------ Dataset excerpt

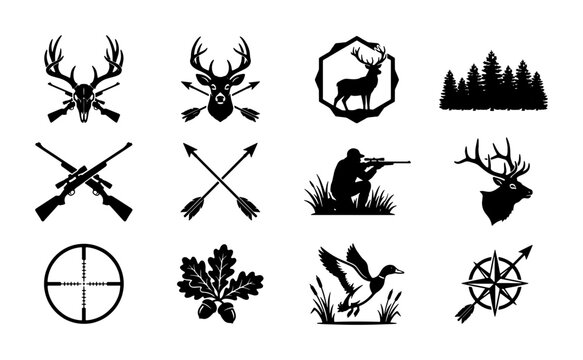 Vintage hunting club badges and outdoor adventure icons, 12 black silhouette hunting elements, deer buck and rifle vector set for camping logos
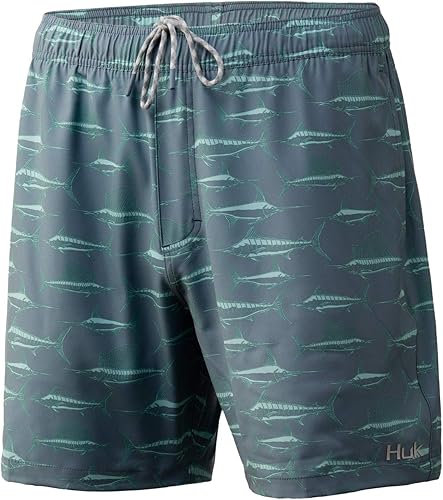 Miniatura 40 de HUK Pantalones cortos de pesca y natación Playa de secado rápido para hombre + UPF 30 Key Lime - 6",Trenza - 6",Rosa cebada - 17",Resplandor azul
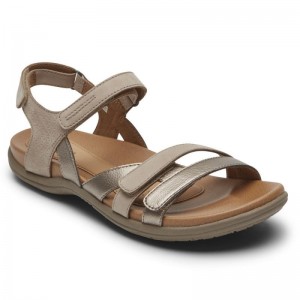 Rockport Rubey 3-Strap Women Sandals Grey Brown Singapore | KY1-95979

------------

• Exercise prompt: Make an exact copy of the listing. Do not carry over its pictures.

• Task answer:
 Vintage hunting club badges and outdoor adventure icons, 12 black silhouette hunting elements, deer buck and rifle vector set for camping logos
 Miniatura 40 de HUK Pantalones cortos de pesca y natación Playa de secado rápido para hombre + UPF 30 Key Lime - 6",Trenza - 6",Rosa cebada - 17",Resplandor azul
 Rockport Rubey 3-Strap Women Sandals Grey Brown Singapore | KY1-95979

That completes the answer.